US/Cuba Relations by Micah Mora

Points:

1) The idea of custody over Cuba goes as far back as 1832 when Secretary of State John Quincy Adams wrote: "There are laws of political as well as of physical gravitation; and if an apple, severed by the tempest from its native tree, cannot choose but fall to the ground, Cuba, forcibly disjoined from its own unnatural connection with Spain, and incapable of self-support, can gravitate only towards the North American Union." (Bolender, 5)

2) There was no Cuban representative at the signing, on the insistence of the American side. This was the start of the historical dialogue that the Cubans had nothing to do with winning their own independence; that national freedom was solely based on the actions of the United States. (Bolender, 6)

3) The portrayal of Cuba as a helpless woman had another implication: that the Cuban men were ineffective, they could not win their war of independence and so by extension were incapable of running their own country. (Bolender, 6)

4) That any Cuban leader who dared to challenge these historical facts, and "who sought to destroy Cuba's historic ties with the United States could not be acting from motives of concern for the Cuban people but must be a power-hungry dictator with regional ambitions." (Bolender, 12)

5) Of all the terrorist acts committed against Cuba, none has been more shattering than the bombing of the Cuban Airlines airplane in 1976. It remains the second most destructive act of air terrorism in North America, after 9/11. (Bolender, 21)

6) I was particularly struck by the near-complete absence of black Cubans and of any discussion of racism among Cuban immigrants. (Hay, 2)

7) I found that one important factor in the socioeconomic status of black Cubans is the discrimination they experienced from some of their white co-ethnics. (Hay, 4)

Questions:

1) How does a superpower like America continually justify it's intrusion into countries like Cuba, and then deem them inferior or incapable of self-government when it never allows the country to capitalize on their gained freedom before, instead, institutionalizing it under its authority without its own dueprocess?

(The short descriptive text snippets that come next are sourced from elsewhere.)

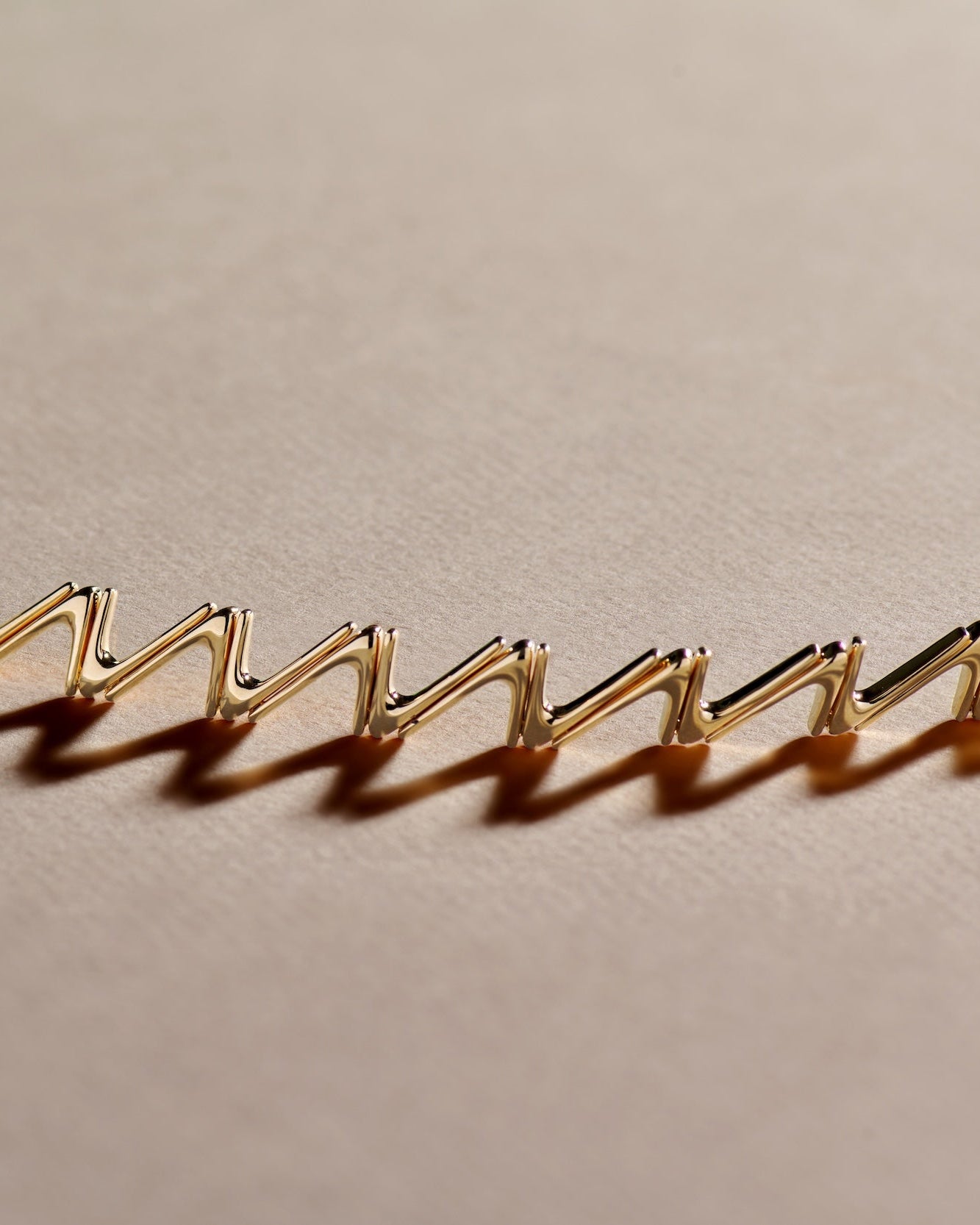 SPIKE CHAIN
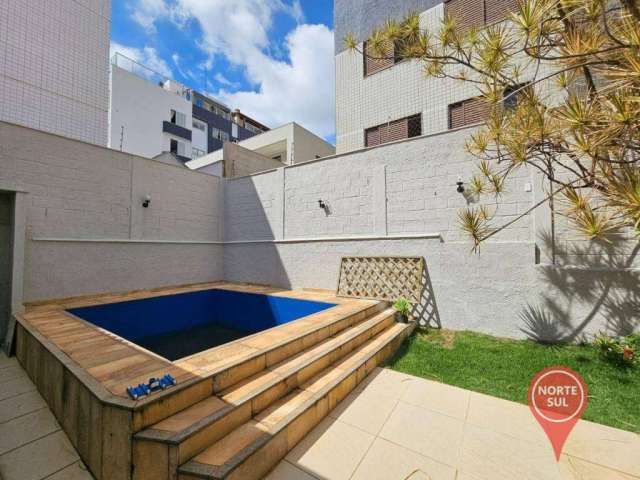 Casa semimobiliada com 4 dormitórios à venda, 330 m² por R$ 1.700.000 - Buritis - Belo Horizonte/MG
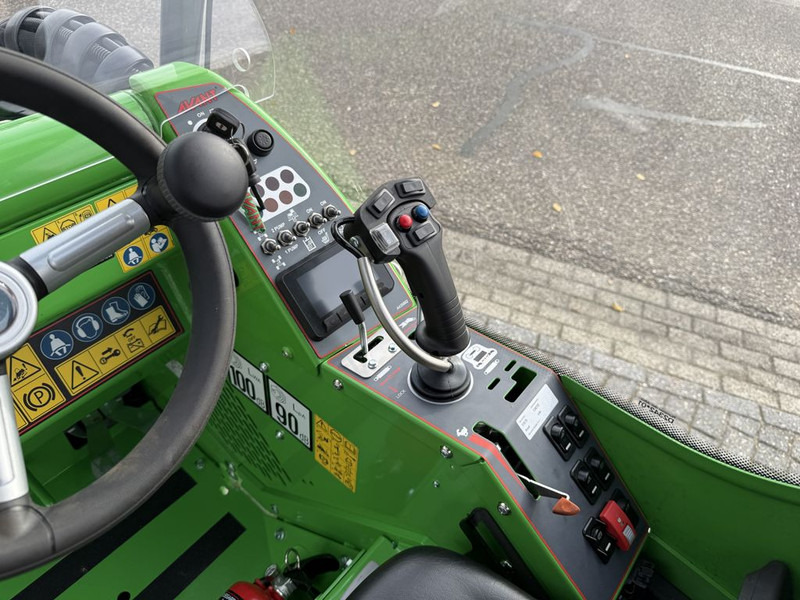 Chargeuse sur pneus Avant 635i TDS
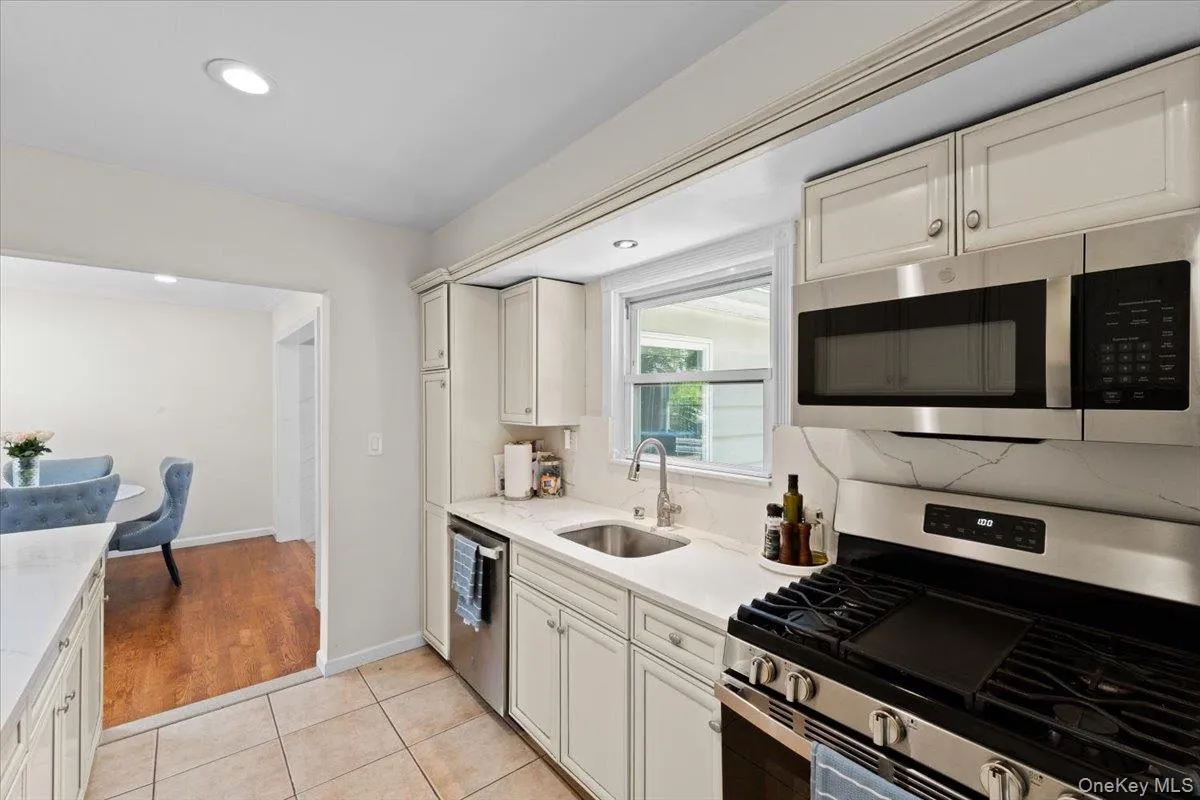 8 Park Circle, North Hempstead, NY, 3 Bedrooms Bedrooms, 6 Rooms Rooms,1 BathroomBathrooms,Residential,For Rent,Park,0,1015595 8 Park Circle, North Hempstead, NY, 3 Bedrooms Bedrooms, 6 Rooms Rooms,1 BathroomBathrooms,Residential,For Rent,Park,0,1015595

2) Many heartbreaking acts of terrorism have been committed against Cuba and it's everyday citizens, yet very little is publicly known or addressed about any, including a terrorist attack that is second in terrorist air attacks only to 9/11. How is our government not able to sympathize more with this and many other of the atrocities committed against the Cuban people?

3) How empowering was American propaganda to easily classify Cuban men as effeminate, and in turn demoralizing and power-stripping [them] of any real presence and strength to defend and stand for themselves in the eyes of the American people?

4) America easily painted Fidel as a mercinary and cruel dictator, yet why did they fail to see that their own restrictions and presence of power was as dictatorial as the leader they fought to tear down?

5) Why is very little mentioned of Cuba's vast disparity due to race color? Why is very little mentioned or talked about when addressing the black/African Cuban people, when a vast number of its people are of African descent and even have darker skin than the preconceived whiter Cubans most thought about like in Miami?

Works Cited

Bolender, Keith. Voices from the other side: an oral history of terrorism against Cuba. Pluto, 2010.

Hay, Michelle A. "I've been black in two countries" : Black Cuban views on race in the US. El Paso, 2009.